-- The task --
An exact copy of every entry is needed, without any of the pictures.

[Stored data entries]
◆ ◆ ◆ ◆ ◆
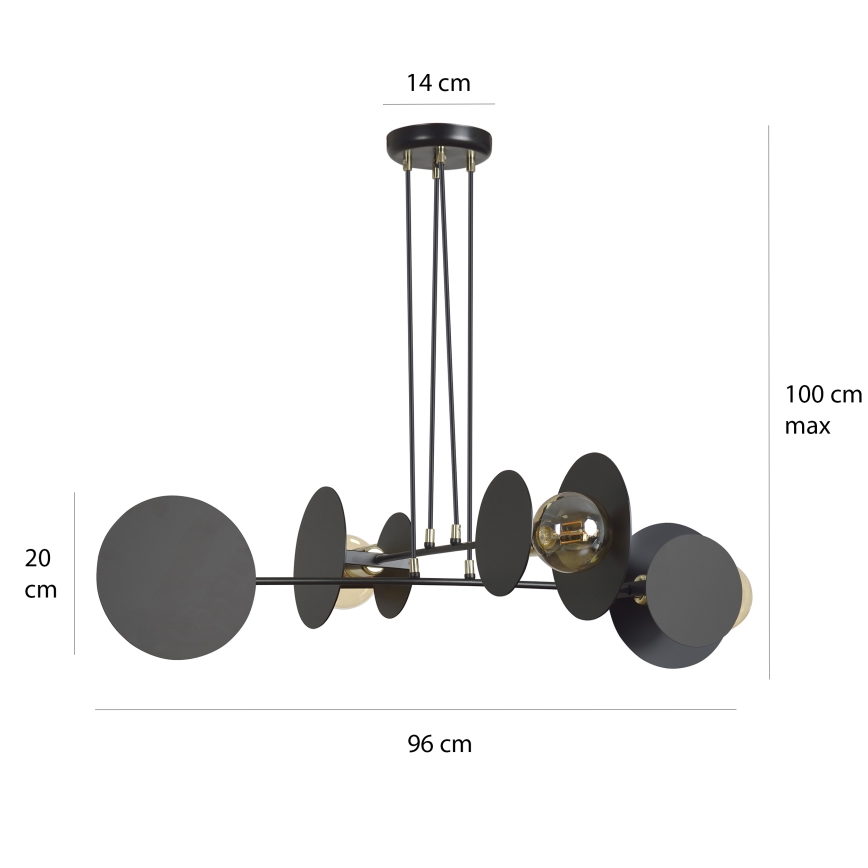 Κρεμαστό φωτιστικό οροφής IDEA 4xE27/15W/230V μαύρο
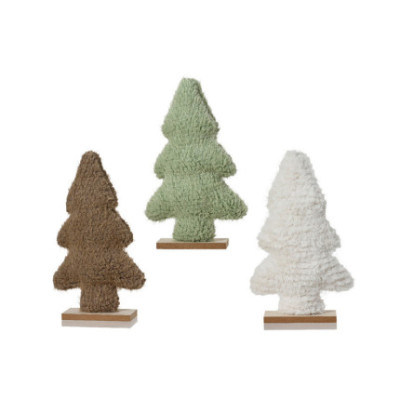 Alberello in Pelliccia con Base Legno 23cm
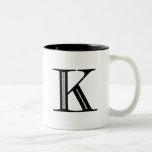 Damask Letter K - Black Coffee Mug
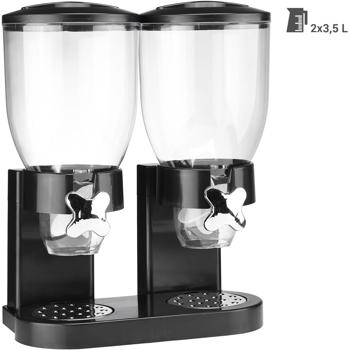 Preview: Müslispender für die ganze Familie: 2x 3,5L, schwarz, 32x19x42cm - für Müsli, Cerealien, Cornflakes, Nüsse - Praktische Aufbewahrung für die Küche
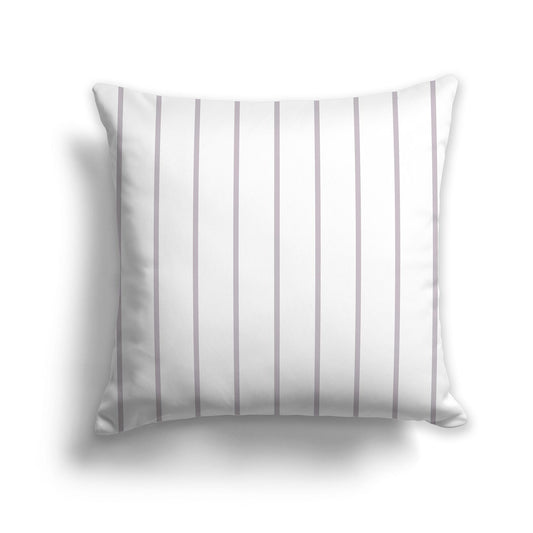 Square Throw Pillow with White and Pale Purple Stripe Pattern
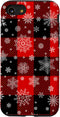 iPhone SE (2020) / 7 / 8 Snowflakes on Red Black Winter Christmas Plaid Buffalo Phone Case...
◆ ◆ ◆ ◆ ◆
-- Expected output --
 Κρεμαστό φωτιστικό οροφής IDEA 4xE27/15W/230V μαύρο
 Alberello in Pelliccia con Base Legno 23cm
 Damask Letter K - Black Coffee Mug
 Preview: Müslispender für die ganze Familie: 2x 3,5L, schwarz, 32x19x42cm - für Müsli, Cerealien, Cornflakes, Nüsse - Praktische Aufbewahrung für die Küche
 Square Throw Pillow with White and Pale Purple Stripe Pattern
 iPhone SE (2020) / 7 / 8 Snowflakes on Red Black Winter Christmas Plaid Buffalo Phone Case...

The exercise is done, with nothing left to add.